# Merryfield cottage,Ilton,Somerset- Feb 2011



## Saz123 (Feb 13, 2011)

Ventured out on a rainy day with papa, we found this house situated on its own a couple of miles from anywhere else. All in all the house and 3 or 4 outbuildings sat on a 1.5 acre plot, so there was lots to explore! Whoever lived there before up'ed and left pretty quick as there was clutter in every room and building. I found several bank statements and final demands left about the place which probably explains the occupants rapid departure, we then realised that the house is built on a flood plain and even on a day where we had only had a little rain, the road opposit had already began to flood-the walls of the main house were covered in cracks and it looked like builders had abandoned it and left as there were building materials left inside and out just rotting.
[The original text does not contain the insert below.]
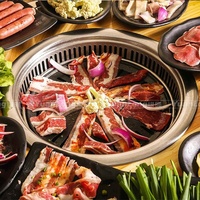 Barbecue électrique coréen écologique avec plaque de cuisson infrarouge pour restaurants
A few years ago i'm sure it would of been a much loved home to one family..Anyway, on to the photos...


































































someone was quite the arteest..



































thanks for looking!


----------



## ArtfulDodger (Feb 13, 2011)

Thanks for sharing, probably quite a sad story behind that abandonment! Whats in the 2nd pic??


----------



## Lhiannan Shee (Feb 13, 2011)

Heh at first glance I thought you had some weird-ass creepy mask on, but then I realised it was just a scribble.

Some nice bits in there, I like the paintings.


----------



## jjandellis (Feb 13, 2011)

i did laugh at the telephone picture !! ...excellent find ...really enjoyed this


----------



## Saz123 (Feb 13, 2011)

ArtfulDodger said:


> Thanks for sharing, probably quite a sad story behind that abandonment! Whats in the 2nd pic??



indeed, well i'm not too sure but i think it could either be the foundations for another building that was going to be built but it was covered in junk and all overgrown!


----------



## JOHNSODA (Feb 13, 2011)

Nice posting Sarz, weird how that phone started ringing though?


----------



## Em_Ux (Feb 14, 2011)

Looks a nice explore....thanks for sharing


----------



## Saz123 (Feb 14, 2011)

JOHNSODA said:


> Nice posting Sarz, weird how that phone started ringing though?



ahahahahh yes, must of been Mrs TA Wren ringing about the weird old man snooping around her sheds..


----------